One East Fourth Street
Cincinnati, Ohio 45202

Ladies and Gentlemen:

        We have acted as counsel to American Financial Group, Inc., an Ohio corporation (“AFG”), and American Financial Capital Trust II, American Financial Capital Trust III, and American Financial Capital Trust IV, each a statutory trust organized under the laws of the State of Delaware, of Registration Statement No. 333-106657 on Form S-3 (the “Registration Statement”) with the Securities and Exchange Commission, including a preliminary prospectus (the “Base Prospectus”) relating to the public offering of up to $600,000,000 in aggregate principal amount of various securities, including senior debt securities issued by AFG (“Senior Debt Securities”). This opinion relates to the issuance of a series of Senior Debt Securities to be known as the “7-1/8% Senior Debentures due 2034” (the “Debentures”).
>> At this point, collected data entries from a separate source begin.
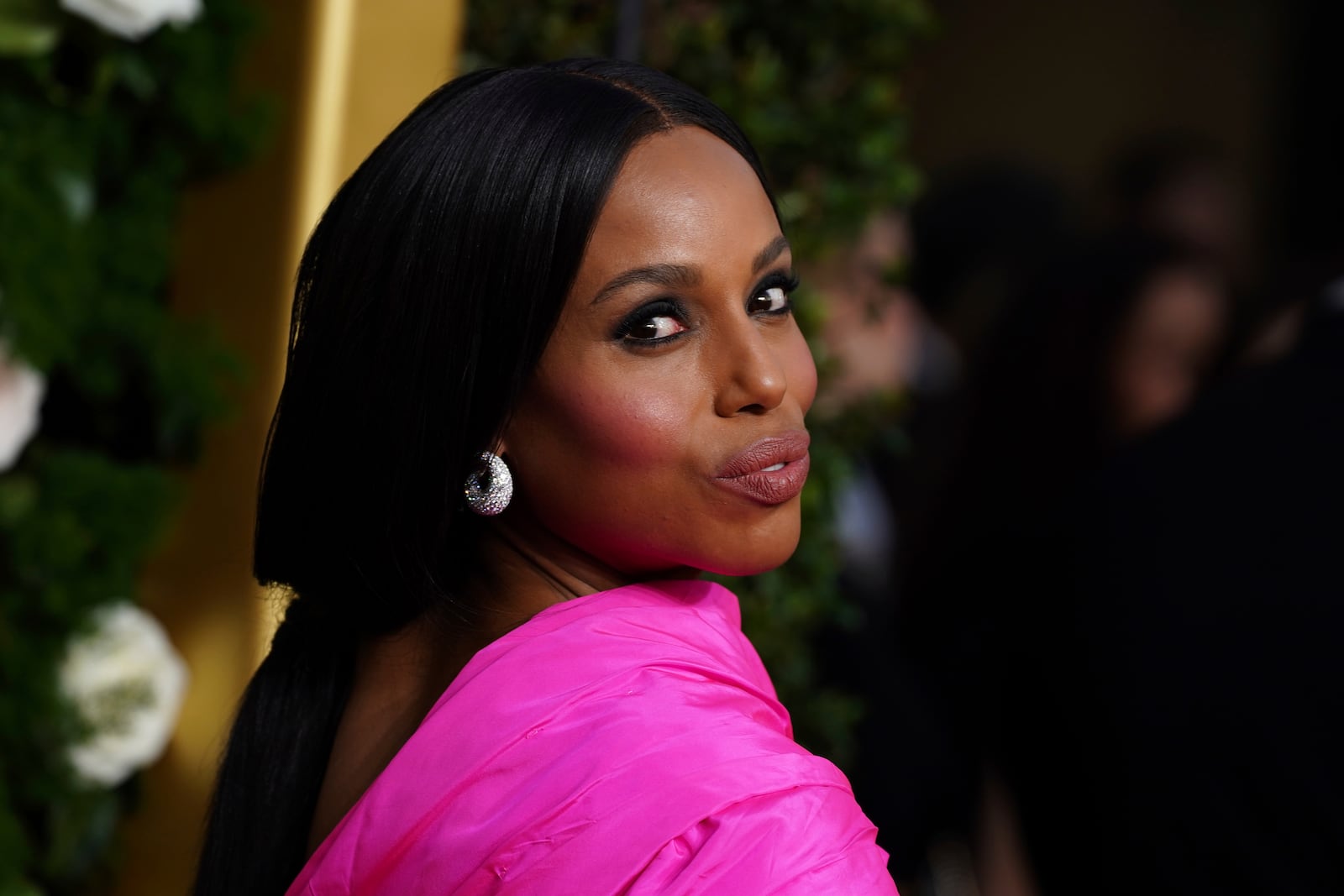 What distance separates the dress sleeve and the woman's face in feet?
0.77

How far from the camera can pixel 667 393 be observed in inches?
47.9

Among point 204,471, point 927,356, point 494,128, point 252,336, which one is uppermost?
point 494,128

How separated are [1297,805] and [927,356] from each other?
8.21 feet

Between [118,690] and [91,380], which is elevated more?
[91,380]

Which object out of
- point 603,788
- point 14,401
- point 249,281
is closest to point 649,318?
point 603,788

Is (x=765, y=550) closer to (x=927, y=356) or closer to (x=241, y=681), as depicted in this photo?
(x=241, y=681)

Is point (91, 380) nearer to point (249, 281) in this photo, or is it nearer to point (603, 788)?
point (249, 281)

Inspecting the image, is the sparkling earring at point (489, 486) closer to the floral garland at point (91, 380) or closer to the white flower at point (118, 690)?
the floral garland at point (91, 380)

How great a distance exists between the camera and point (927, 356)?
15.5ft

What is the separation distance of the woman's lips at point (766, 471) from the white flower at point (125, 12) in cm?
134

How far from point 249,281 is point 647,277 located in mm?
1346

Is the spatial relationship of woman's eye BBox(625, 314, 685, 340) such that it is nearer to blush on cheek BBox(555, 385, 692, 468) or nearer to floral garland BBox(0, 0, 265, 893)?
blush on cheek BBox(555, 385, 692, 468)

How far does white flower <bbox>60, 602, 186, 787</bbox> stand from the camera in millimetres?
2191

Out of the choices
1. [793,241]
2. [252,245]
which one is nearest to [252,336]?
[252,245] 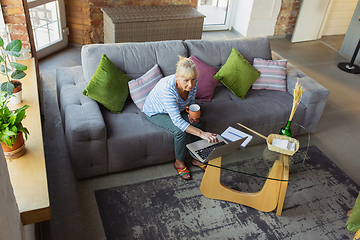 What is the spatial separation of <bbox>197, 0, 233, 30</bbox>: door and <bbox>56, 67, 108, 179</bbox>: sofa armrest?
3596 mm

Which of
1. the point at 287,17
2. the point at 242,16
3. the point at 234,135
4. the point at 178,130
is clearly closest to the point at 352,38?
the point at 287,17

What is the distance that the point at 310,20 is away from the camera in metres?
5.50

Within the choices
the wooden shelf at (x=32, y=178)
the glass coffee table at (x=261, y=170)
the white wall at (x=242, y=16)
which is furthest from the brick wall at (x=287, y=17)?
the wooden shelf at (x=32, y=178)

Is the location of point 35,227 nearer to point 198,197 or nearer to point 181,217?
point 181,217

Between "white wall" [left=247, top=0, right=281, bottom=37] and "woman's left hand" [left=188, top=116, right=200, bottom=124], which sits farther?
"white wall" [left=247, top=0, right=281, bottom=37]

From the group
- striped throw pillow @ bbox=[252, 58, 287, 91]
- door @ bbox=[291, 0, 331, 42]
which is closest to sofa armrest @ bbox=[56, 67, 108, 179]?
striped throw pillow @ bbox=[252, 58, 287, 91]

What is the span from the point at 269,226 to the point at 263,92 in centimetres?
143

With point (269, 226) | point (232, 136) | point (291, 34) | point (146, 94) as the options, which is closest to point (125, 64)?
point (146, 94)

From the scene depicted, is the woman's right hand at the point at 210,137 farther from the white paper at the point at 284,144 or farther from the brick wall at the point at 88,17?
the brick wall at the point at 88,17

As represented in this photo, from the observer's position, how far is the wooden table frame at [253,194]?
89.3 inches

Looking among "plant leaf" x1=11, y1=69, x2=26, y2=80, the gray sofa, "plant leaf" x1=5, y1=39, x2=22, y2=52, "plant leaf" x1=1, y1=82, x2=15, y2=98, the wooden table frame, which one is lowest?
the wooden table frame

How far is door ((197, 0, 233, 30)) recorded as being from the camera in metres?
5.50

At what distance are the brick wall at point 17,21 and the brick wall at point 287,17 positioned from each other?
4297 millimetres

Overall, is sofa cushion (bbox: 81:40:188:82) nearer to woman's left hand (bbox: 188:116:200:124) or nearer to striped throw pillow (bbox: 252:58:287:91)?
woman's left hand (bbox: 188:116:200:124) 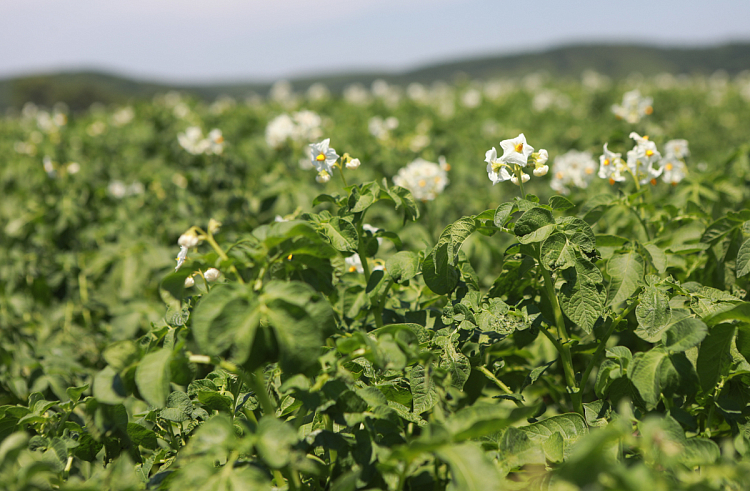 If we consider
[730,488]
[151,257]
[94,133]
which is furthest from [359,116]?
[730,488]

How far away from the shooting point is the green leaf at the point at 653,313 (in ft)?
4.54

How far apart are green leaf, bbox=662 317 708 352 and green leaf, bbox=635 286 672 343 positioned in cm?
8

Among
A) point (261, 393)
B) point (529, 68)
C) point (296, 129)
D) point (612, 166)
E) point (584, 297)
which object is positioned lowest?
point (261, 393)

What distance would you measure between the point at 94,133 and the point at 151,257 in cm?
620

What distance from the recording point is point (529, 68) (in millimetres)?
85125

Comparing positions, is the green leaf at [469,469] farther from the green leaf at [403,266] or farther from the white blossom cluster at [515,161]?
the white blossom cluster at [515,161]

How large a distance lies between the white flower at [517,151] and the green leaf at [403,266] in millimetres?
451

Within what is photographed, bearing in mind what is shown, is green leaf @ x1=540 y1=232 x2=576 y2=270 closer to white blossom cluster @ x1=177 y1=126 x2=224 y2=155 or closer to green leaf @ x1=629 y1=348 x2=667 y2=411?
green leaf @ x1=629 y1=348 x2=667 y2=411

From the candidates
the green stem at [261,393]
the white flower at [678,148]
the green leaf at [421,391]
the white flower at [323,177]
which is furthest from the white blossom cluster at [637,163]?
the green stem at [261,393]

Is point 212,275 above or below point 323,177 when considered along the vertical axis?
below

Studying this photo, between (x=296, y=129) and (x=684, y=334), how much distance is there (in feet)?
12.1

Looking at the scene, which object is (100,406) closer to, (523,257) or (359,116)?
(523,257)

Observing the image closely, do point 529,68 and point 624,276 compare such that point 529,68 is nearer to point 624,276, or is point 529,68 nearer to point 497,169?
point 497,169

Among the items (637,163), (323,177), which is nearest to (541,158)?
(637,163) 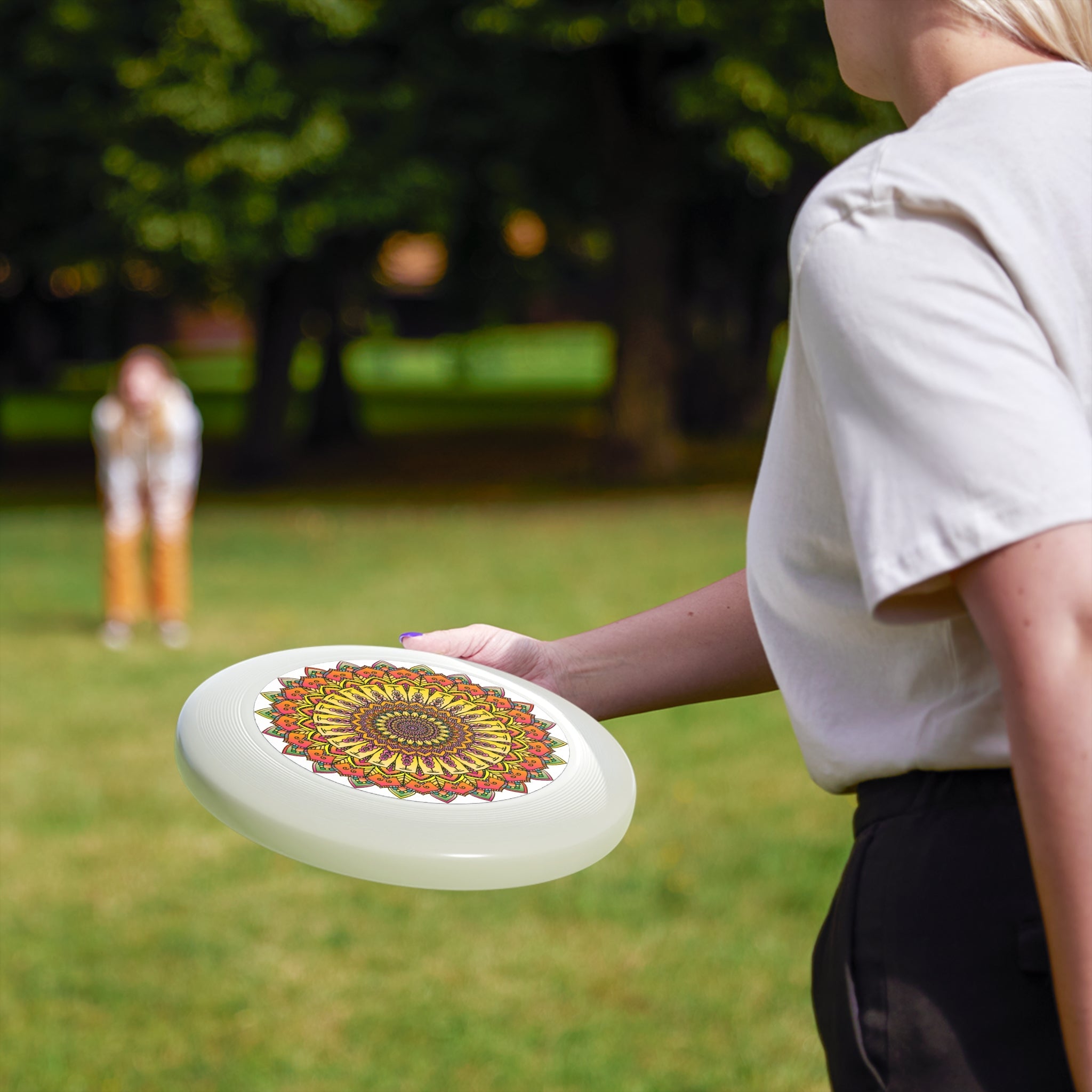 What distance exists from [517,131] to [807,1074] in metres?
15.7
        In reaching the conclusions expressed herein, we have examined and relied upon the original or copies, certified to our satisfaction, of (i) the form of Amended and Restated Articles of Incorporation and the Code of Regulations of AFG; (ii) copies of resolutions of the Board of Directors of AFG, or committees thereof, authorizing the issuance of the Debentures and related matters; (iii) the Registration Statement and all exhibits thereto, including the Form T-1, Statement of Eligibility of Trustee of U.S. Bank National Association; (iv) the Indenture dated as of November 12, 1997 (the “Original Indenture”) as supplemented by the First Supplemental Indenture dated as of December 3, 1997 (the “First Supplemental Indenture”) as proposed to be further supplemented by a Second Supplemental Indenture to be dated as of February 3, 2004 (the “Second Supplemental Indenture,” and with the Original Indenture and First Supplemental Indenture, the “Indenture”); and (iv) such other documents and instruments as we have deemed necessary for the expression of opinion herein contained. In making the foregoing examinations, we have assumed the genuineness of all signatures and the authenticity of all documents submitted to us as originals, and the conformity to original documents of all documents submitted to us as certified or photostatic copies. As to various questions of fact material to this opinion, we have relied, to the extent we deem reasonably appropriate, upon representations or certificates of officers or directors of AFG and upon documents, records and instruments furnished to us by AFG, without independent check or verification of their accuracy.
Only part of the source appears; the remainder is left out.